Retype, word for word, each line between the lines holding "好想你(MISS YOU) 280g*2 原味枣片 (盒)" and "GYM stickers", inclusive, and leave the rest of the data alone.
Start of Available data
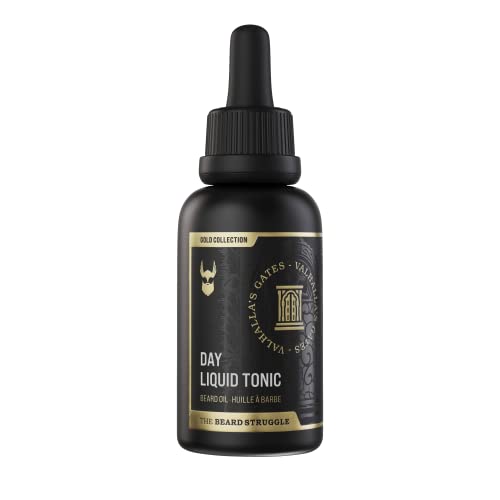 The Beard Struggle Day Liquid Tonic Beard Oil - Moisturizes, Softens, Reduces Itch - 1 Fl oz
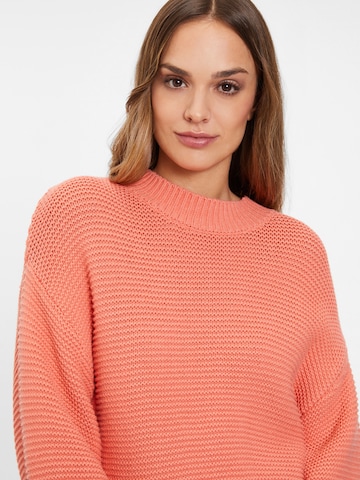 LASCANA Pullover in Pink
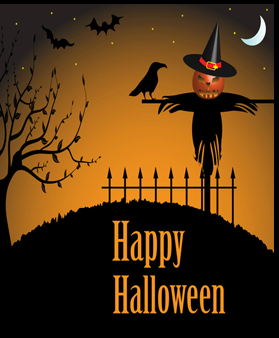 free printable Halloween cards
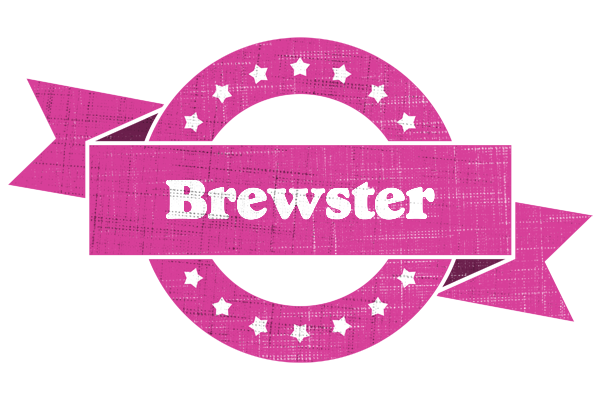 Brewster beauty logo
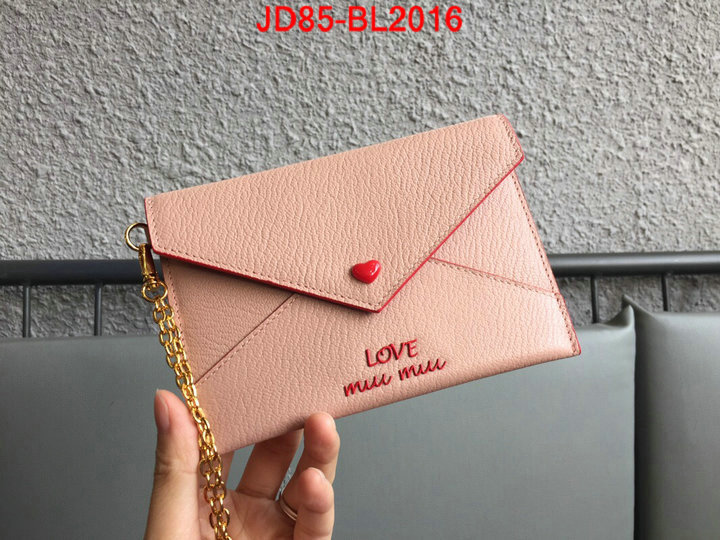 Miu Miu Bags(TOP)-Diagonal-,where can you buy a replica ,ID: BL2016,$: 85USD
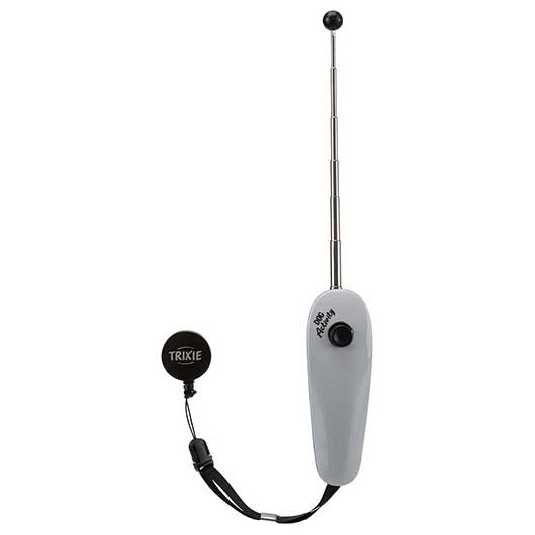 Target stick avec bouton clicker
End of Available data
Start of Available data
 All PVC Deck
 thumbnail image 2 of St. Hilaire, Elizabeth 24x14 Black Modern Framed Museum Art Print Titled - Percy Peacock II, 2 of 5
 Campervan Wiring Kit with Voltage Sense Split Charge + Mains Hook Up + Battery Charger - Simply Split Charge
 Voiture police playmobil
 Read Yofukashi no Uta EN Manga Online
End of Available data
Start of Available data
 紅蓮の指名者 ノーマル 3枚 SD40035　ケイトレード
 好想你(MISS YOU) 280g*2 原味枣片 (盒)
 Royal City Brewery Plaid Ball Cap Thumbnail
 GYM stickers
End of Available data
Answer to the problem:
 好想你(MISS YOU) 280g*2 原味枣片 (盒)
 Royal City Brewery Plaid Ball Cap Thumbnail
 GYM stickers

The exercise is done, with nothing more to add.